TO DO
Repeat the data exactly. Pictures stay out.
◆ ◆ ◆
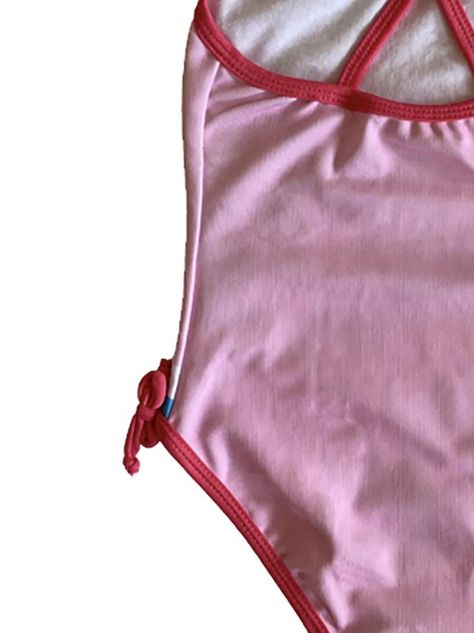 Traje de Baño Niña Hello Kitty S135008-12-4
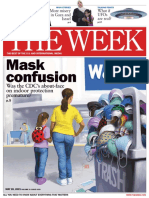 The Week - May 28, 2021 USA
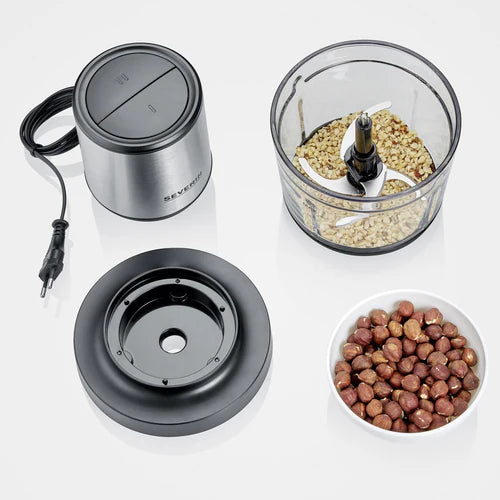 Severin Multi-Purpose Chopper 400W (3867)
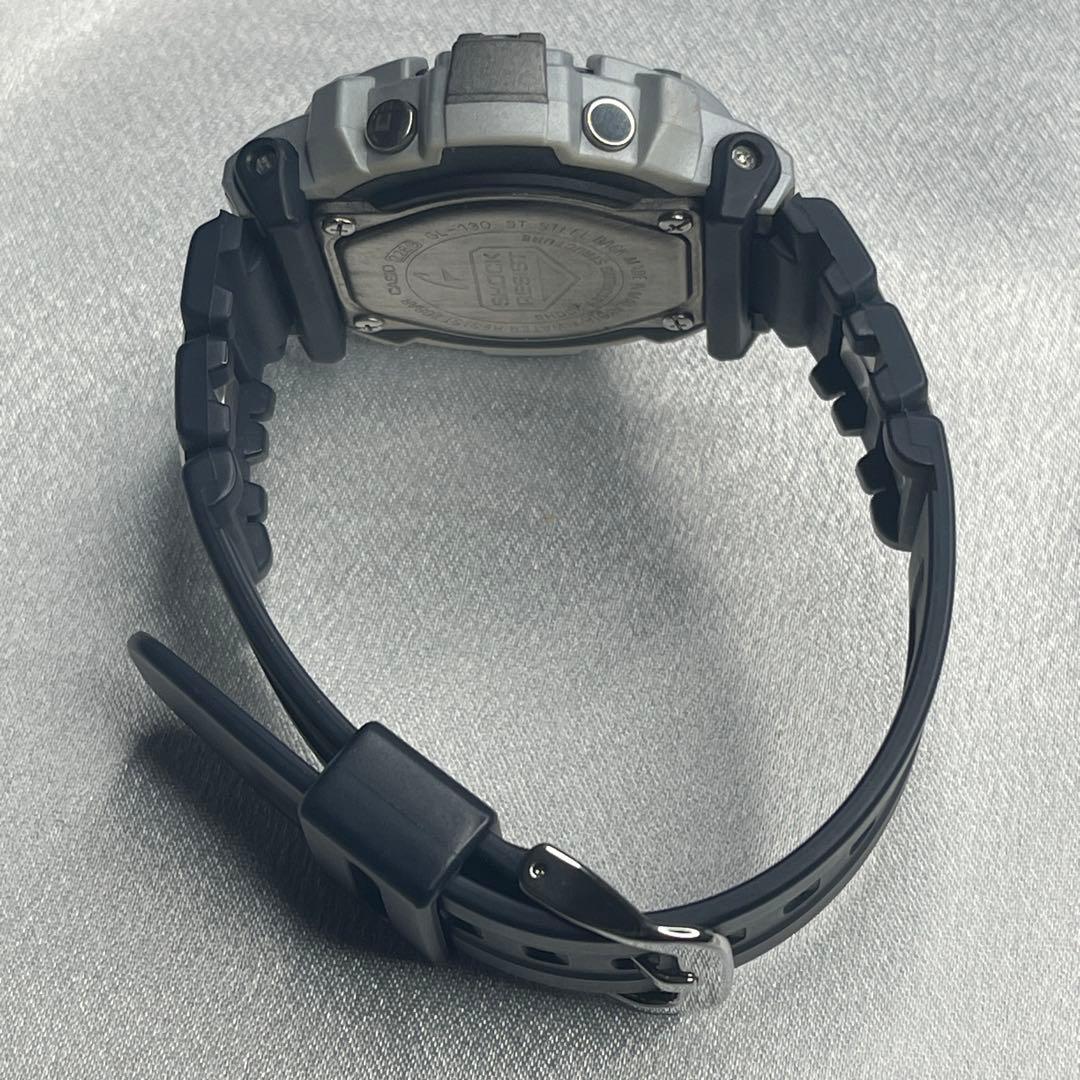 CASIO G-SHOCK G-LIDE GL-130 【美品】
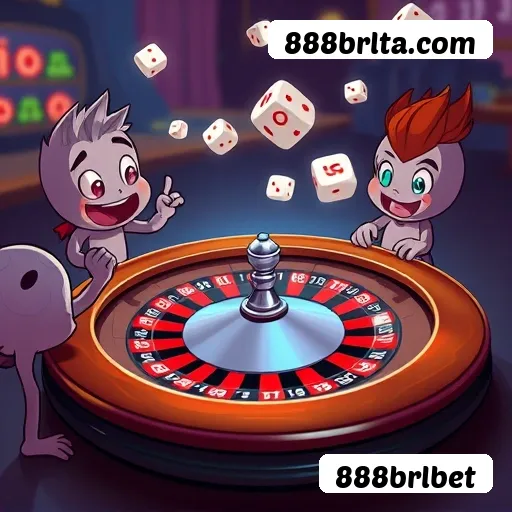 Notificações push 888brlbet app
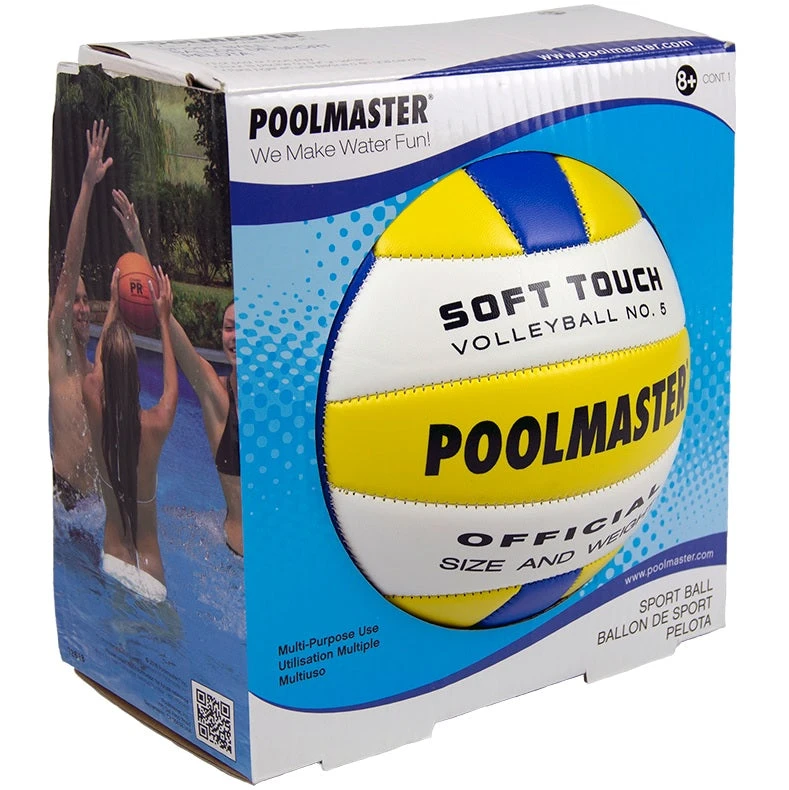 Poolmaster's Multi Purpose Ball-BX 2 Poolmaster's Multi Purpose Ball-BX - Image 2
◆ ◆ ◆
RESULT FOR THIS TASK
 Traje de Baño Niña Hello Kitty S135008-12-4
 The Week - May 28, 2021 USA
 Severin Multi-Purpose Chopper 400W (3867)
 CASIO G-SHOCK G-LIDE GL-130 【美品】
 Notificações push 888brlbet app
 Poolmaster's Multi Purpose Ball-BX 2 Poolmaster's Multi Purpose Ball-BX - Image 2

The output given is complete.